Is there any exemption?  Small businesses with fewer than 50 employees may qualify for an exemption from the expanded FMLA leave requirement to provide leave due to school closing or child care if the leave requirements would jeopardize the viability of the business as a going concern.  At this point, the DOL has taken the position that covered employers should not send anything to the DOL electing this exemption.  The DOL guidance suggests that for now small business seeking to elect this exemption should document why it meets the criteria set forth in the law.  The DOL is expected to publish regulations shortly regarding the Act’s requirements and this exemption. 
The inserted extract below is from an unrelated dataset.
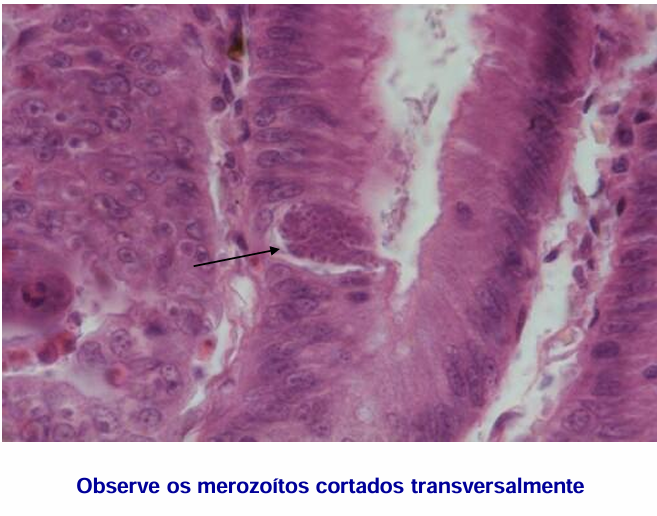 <p>esquizonte de <span style="color: rgb(69, 76, 138);"><em>Eimeria </em></span>no intestino </p>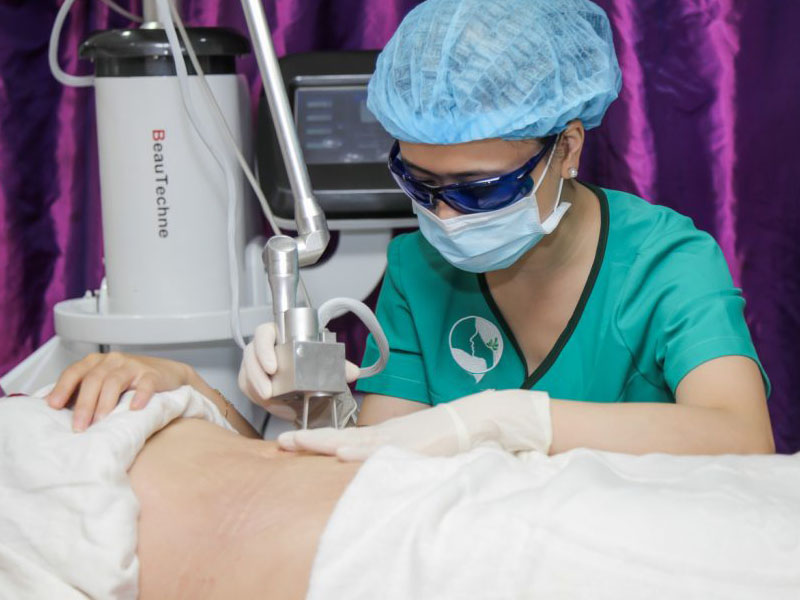 laser co2 fractional trị rạn da 4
How will the government reimburse covered employers?  Covered employers required to provide this paid leave will be 100% covered by a dollar-for-dollar refundable tax credit available to the employer by the Federal government for the cost of leave and the cost of the employer’s health insurance premiums during the leave.  The IRS website explains that the mechanism for the tax credit will involve employers retaining an amount of the payroll taxes equal to the amount of qualifying sick and family leave that they paid, rather than deposit them with the IRS, as more fully described here.

Can employees carry over leave required by the Act?  The law takes effect April 1, 2020, and covers leave taken between April 1, 2020 and December 31, 2020.  Paid sick leave does NOT carry over from one year to the next, and it does NOT have to be paid out upon termination.